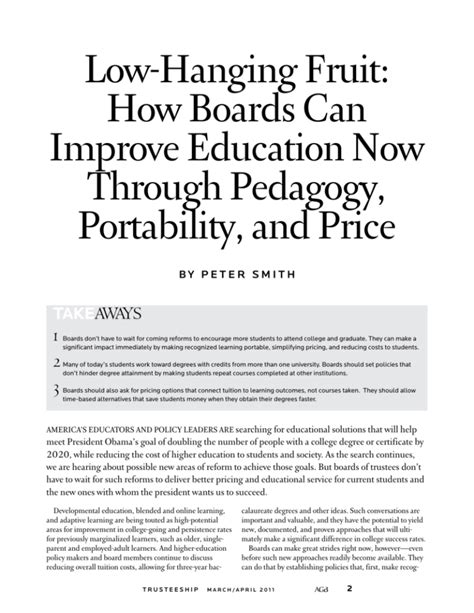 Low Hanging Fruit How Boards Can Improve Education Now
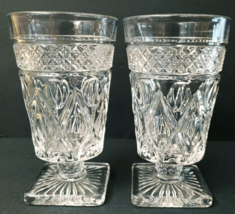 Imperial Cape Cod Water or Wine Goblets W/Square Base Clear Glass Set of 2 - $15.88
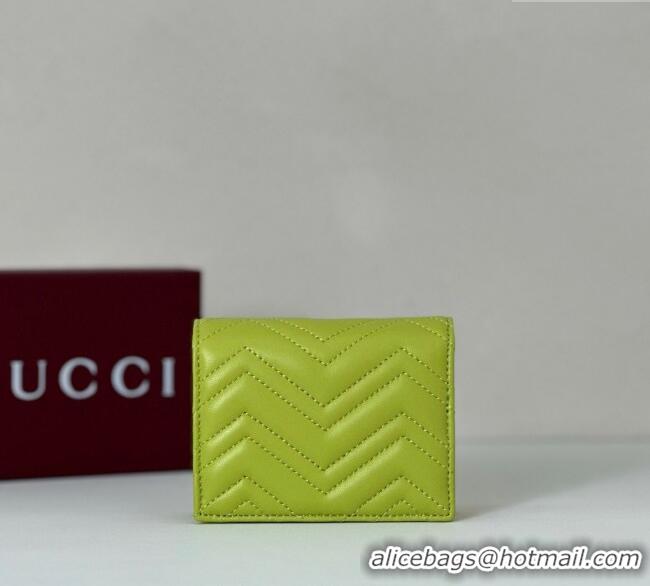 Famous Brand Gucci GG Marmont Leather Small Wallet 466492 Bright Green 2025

### Exercise objective
Retype the material in full, exactly as written, and exclude the pictures.

### Solution below
 Low Hanging Fruit How Boards Can Improve Education Now
 Imperial Cape Cod Water or Wine Goblets W/Square Base Clear Glass Set of 2 - $15.88
 Famous Brand Gucci GG Marmont Leather Small Wallet 466492 Bright Green 2025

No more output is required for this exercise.